Wingtip vortices, created as a byproduct of lift, are both a hazard and a significant limiting factor in the increase of air traffic. In order to reduce separation distances between airplanes and increase safety, active flow control solutions are considered, however, more research is required to better understand the behavior of wingtip vortices. Therefore, this research focuses on the modification of the flow structure downstream using pulsed jets, visualization of the behavior of wingtip vortices using two dimensional particle image velocimetry, as well as measurements of the forces and moments affected by the pulsed jets using an aerodynamic balance. A NACA 0012 wing model equipped with two slots was mounted in a wind tunnel at approximately 150,000 Reynolds number. A valve system was designed to create jets of air at the wing tip in a steady or pulsed pattern from a slot placed either on the pressure side or the suction side. Particle image velocimetry measurements were taken at various distances downstream, and post-processed for the characterization of the vortex : position, angle, distance, vorticity contour, and circulation.

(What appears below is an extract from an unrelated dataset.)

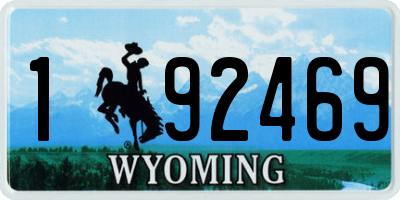 WY license plate 192469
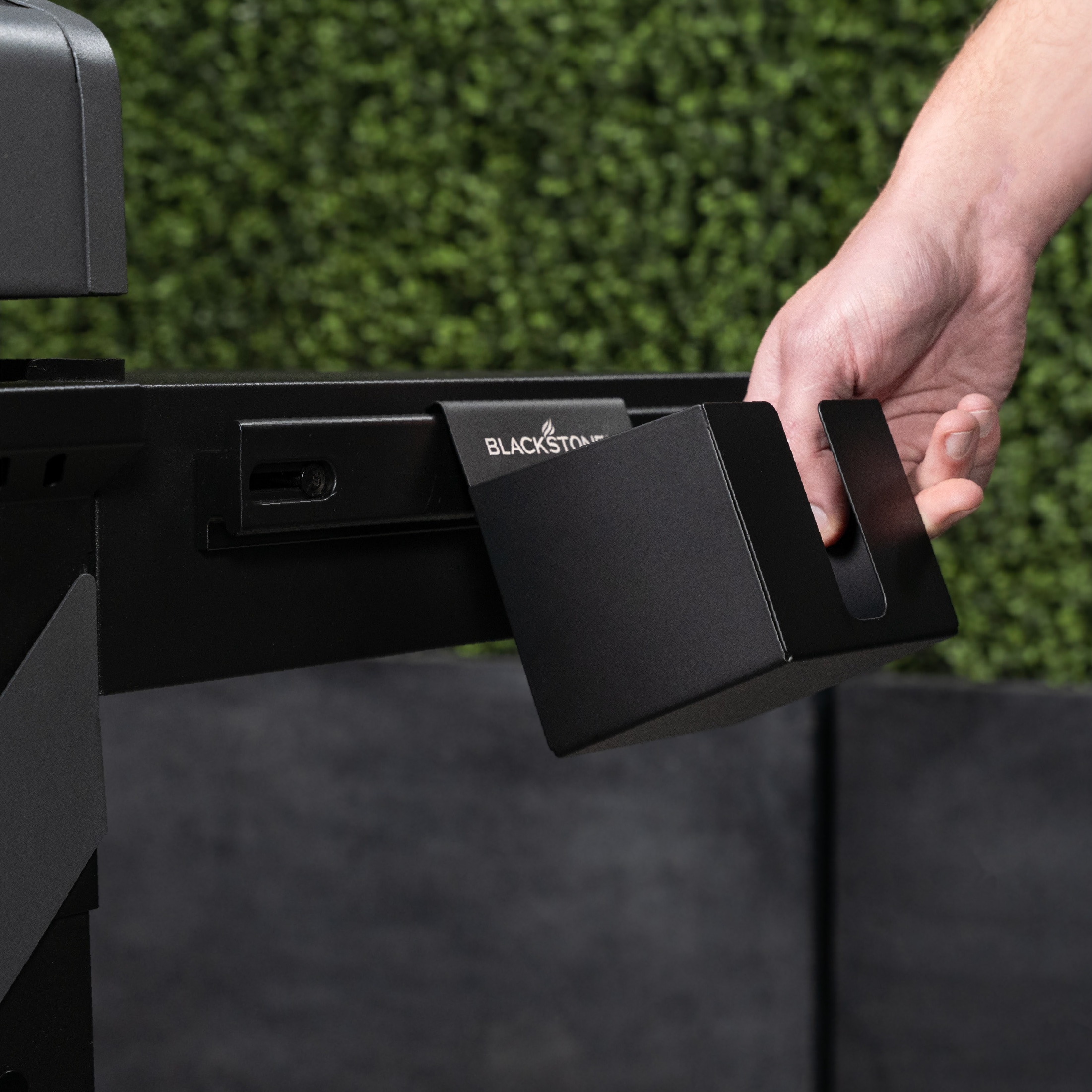 Black Matte Steel Grill Cup Holder with Mug Handle Cutout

Results indicate that the vortex can be forced into a cyclic pattern constrained between the baseline (no jet) vortex core position, and the position when the jet is permanently activated (steady blowing cases). Depending on the slot used, the vortex trajectory can be forced into an inclination angle. Steady blowing cases show near-sinusoidal oscillations, while pulsed blowing cases exhibit a steady rise in angle, with a slight oscillating pattern in displacement distance values. The circulation values are significantly changed, with a significantly higher dispersion than for the baseline case. Furthermore, the vortex core size is consistently larger as it is displaced away from the baseline case. Additionally, lift, drag and pitching moment were measured in a wind tunnel using an aerodynamic balance. Results showed that lift/drag coefficients consistent with published results, and that activating the jets on the pressure or suction side decreased lift. As instability grows, the destruction of the wingtip vortices occurs past the maximum downstream distance studied, therefore, additional PIV measurements should be taken further downstream. Moreover, supplementary PIV measurements at the slot themselves should be considered to better understand how the perturbed flow structure interacts with the pulsed jets.